*Short web captions:*
····················

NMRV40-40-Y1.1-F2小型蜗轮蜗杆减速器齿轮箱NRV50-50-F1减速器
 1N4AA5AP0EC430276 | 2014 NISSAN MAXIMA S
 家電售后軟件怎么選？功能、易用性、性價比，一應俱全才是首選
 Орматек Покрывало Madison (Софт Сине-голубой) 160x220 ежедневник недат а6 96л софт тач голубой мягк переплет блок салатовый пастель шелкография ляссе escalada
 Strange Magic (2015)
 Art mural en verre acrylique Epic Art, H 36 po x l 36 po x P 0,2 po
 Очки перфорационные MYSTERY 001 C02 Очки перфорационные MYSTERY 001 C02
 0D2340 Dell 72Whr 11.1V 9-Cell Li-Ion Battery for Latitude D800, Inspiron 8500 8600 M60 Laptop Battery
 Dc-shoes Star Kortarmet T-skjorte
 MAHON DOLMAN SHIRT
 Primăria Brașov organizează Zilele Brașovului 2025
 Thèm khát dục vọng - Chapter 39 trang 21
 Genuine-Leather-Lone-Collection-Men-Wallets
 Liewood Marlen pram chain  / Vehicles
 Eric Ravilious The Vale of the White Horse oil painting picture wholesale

····················

*Task to carry out:* Write out exactly the lines above from the line with "家電售后軟件怎么選？功能、易用性、性價比，一應俱全才是首選" through the line with "Art mural en", both of them included, and leave out all other lines.

*Answer to this task:*
 家電售后軟件怎么選？功能、易用性、性價比，一應俱全才是首選
 Орматек Покрывало Madison (Софт Сине-голубой) 160x220 ежедневник недат а6 96л софт тач голубой мягк переплет блок салатовый пастель шелкография ляссе escalada
 Strange Magic (2015)
 Art mural en verre acrylique Epic Art, H 36 po x l 36 po x P 0,2 po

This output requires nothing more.